Con la nuova proprietà inevitabilmente torneranno l’entusiasmo e la curiosità di ripresentarsi al campo per molti dopo le delusioni passate…

“Come un nuovo allenatore comporta la cosiddetta “scossa” all’interno dello spogliatoio così una nuova proprietà rigenera l’entusiasmo dei tifosi. Ad onor del vero ieri allo stadio non si sono registrati numeri da capogiro. C’è ancora un clima di scetticismo che i nuovi soci potranno superare soltanto con il lavoro e con i fatti. E’ chiaro che, da parte dell’ambiente e nello specifico dei tifosi, bisognerebbe dare seguito agli investimenti effettuati da questi imprenditori andando allo stadio e contribuendo alla crescita dell’Avellino. Un primo banco di prova, per la nuova compagine societaria, sarà senza dubbio il mercato di Gennaio. Con qualche colpo l’entusiasmo sicuramente ritornerà”.

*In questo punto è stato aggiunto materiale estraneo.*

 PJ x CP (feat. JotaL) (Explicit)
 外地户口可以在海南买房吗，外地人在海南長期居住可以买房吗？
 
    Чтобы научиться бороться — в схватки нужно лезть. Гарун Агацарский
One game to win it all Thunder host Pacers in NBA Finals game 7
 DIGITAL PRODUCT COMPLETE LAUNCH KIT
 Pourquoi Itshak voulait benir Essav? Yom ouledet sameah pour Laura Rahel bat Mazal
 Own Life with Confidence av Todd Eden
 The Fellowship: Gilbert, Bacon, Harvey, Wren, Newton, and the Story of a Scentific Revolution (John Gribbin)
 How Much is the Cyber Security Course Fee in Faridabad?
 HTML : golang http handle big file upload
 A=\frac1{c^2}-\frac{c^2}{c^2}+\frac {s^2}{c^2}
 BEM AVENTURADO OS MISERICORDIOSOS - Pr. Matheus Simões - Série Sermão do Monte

Domenica si va a Monopoli. Quale sarà la chiave di lettura per compiere il colpaccio in terra pugliese?

“Molti ritengono che il Monopoli sia la sorpresa del campionato. Io ritengo che non sia così. I pugliesi sono il perfetto esempio di programmazione e continuità di un progetto tecnico. Da due anni si sono affidati a mister Giuseppe Scienze ed i risultati si stanno vedendo. La società gode di partnership importanti con società di serie A, come ad esempio il Parma, che scelgono il Monopoli come squadra dove far crescere e maturare i propri giovani. Non sarà facile, dunque, fare l’impresa. Ma questo Avellino, come ha pareggiato con il Bari e vinto contro la Ternana, con il cuore e con la giusta intensità può battere anche il Monopoli”.